US-Präsident Trump kündigt Blockade der Straße von Hormus nach gescheiterten Verhandlungen mit Iran an

Nach dem vorläufigen Scheitern der Verhandlungen zwischen den USA und dem Iran hat US-Präsident Donald Trump eine Seeblockade der Straße von Hormus angekündigt. Diese Entscheidung wurde nach Gesprächen in Islamabad getroffen, die zu keiner Einigung führten. Trump reagierte auf die iranischen Aktivitäten in der strategisch wichtigen Meerenge und erklärte, dass die US-Marine alle Schiffe daran hindern werde, die Straße von Hormus zu befahren oder zu verlassen.
Auf der Plattform Truth Social teilte Trump mit: „Die Blockade wird in Kürze beginnen.“ Zudem wurden die Streitkräfte angewiesen, alle Schiffe abzufangen, die Gebühren an den Iran gezahlt haben. „Niemand, der eine illegale Maut entrichtet, wird auf hoher See sichere Passage haben“, so Trump weiter. Darüber hinaus kündigte er an, iranische Seeminen in der Meerenge zu beseitigen.
Trump warf dem Iran „Welterpressung“ vor und verwies auf Drohungen aus Teheran, die Minen in der Meerenge platziert haben könnten.
Der Präsident ließ jedoch auch durchblicken, dass die Blockade möglicherweise gelockert werden könnte, sofern die Durchfahrt für alle Schiffe wieder uneingeschränkt möglich sei. Für den Fall von Angriffen auf US-Truppen oder zivile Schiffe drohte Trump mit massiver militärischer Gewalt und betonte, dass das US-Militär „einsatzbereit“ sei.

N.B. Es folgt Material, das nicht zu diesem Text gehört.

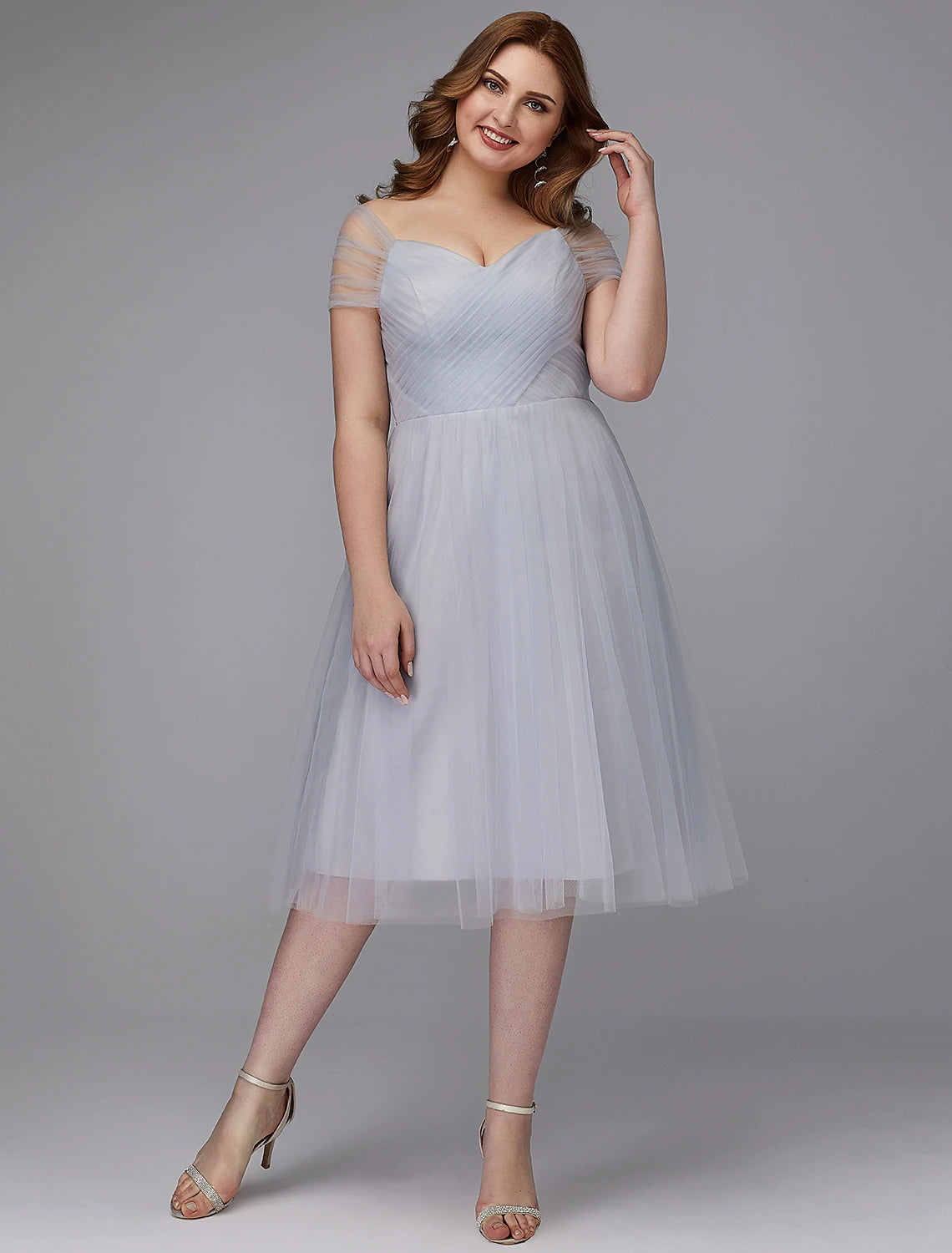 Full length view of the elegant A-line tulle dress, showcasing its flow and tea length.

Er erwähnte zudem, dass andere Staaten an der Blockade teilnehmen könnten, nannte jedoch keine konkreten Namen.
Wichtige Schifffahrtsroute für den globalen Ölhandel
Die Straße von Hormus, die zwischen dem Iran und Oman verläuft, ist eine der bedeutendsten Schifffahrtsrouten für den weltweiten Ölhandel. In der Vergangenheit hatte Teheran die Meerenge durch Drohungen und Angriffe auf Tanker und Frachtschiffe faktisch blockiert, was zu einem Anstieg der Energiepreise führte.
Trump hatte dem Iran ein Ultimatum gesetzt, um den freien Schiffsverkehr wiederherzustellen, und andernfalls mit Angriffen auf Kraftwerke und andere Infrastrukturen gedroht. Kurz vor Ablauf dieser Frist einigten sich Washington und Teheran auf eine zweiwöchige Waffenruhe. Die Straße von Hormus war ein zentraler Punkt in den Verhandlungen in Islamabad, die jedoch am frühen Sonntagmorgen ohne Einigung endeten.
Die Situation im Persischen Golf bleibt angespannt, und die Entwicklungen in den kommenden Tagen könnten entscheidend für die Stabilität der Region sein.